Given material:
● ● ● ●
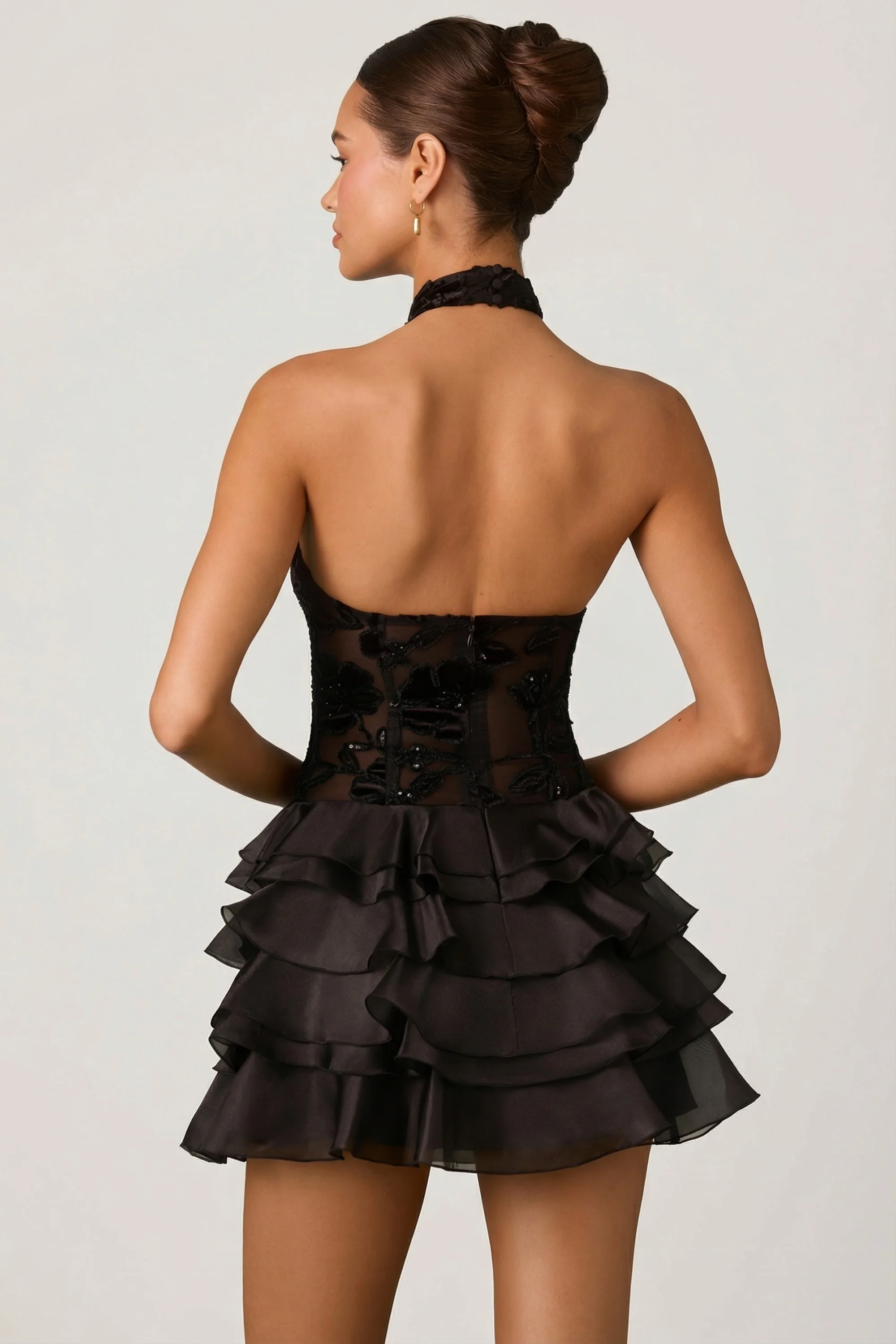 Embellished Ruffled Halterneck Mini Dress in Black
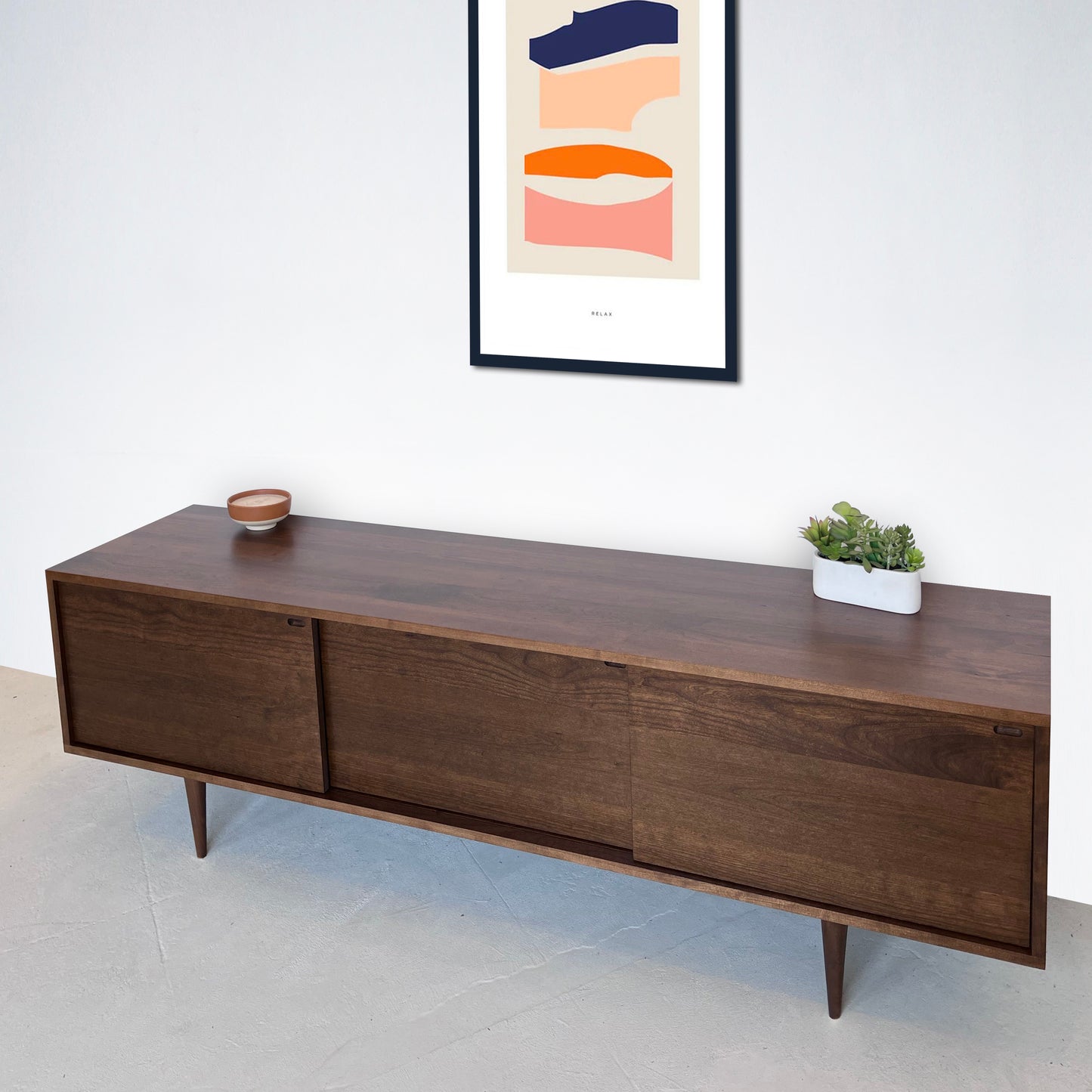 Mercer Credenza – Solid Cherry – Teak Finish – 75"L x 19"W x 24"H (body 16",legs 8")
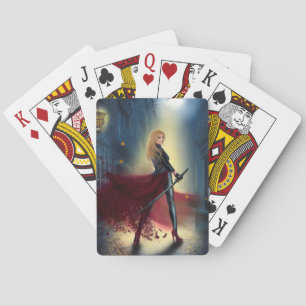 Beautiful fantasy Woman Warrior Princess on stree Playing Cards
● ● ● ●
Problem to work on: If pictures appear in the data, do not print them; repeat the rest exactly.

Answer:
 Embellished Ruffled Halterneck Mini Dress in Black
 Mercer Credenza – Solid Cherry – Teak Finish – 75"L x 19"W x 24"H (body 16",legs 8")
 Beautiful fantasy Woman Warrior Princess on stree Playing Cards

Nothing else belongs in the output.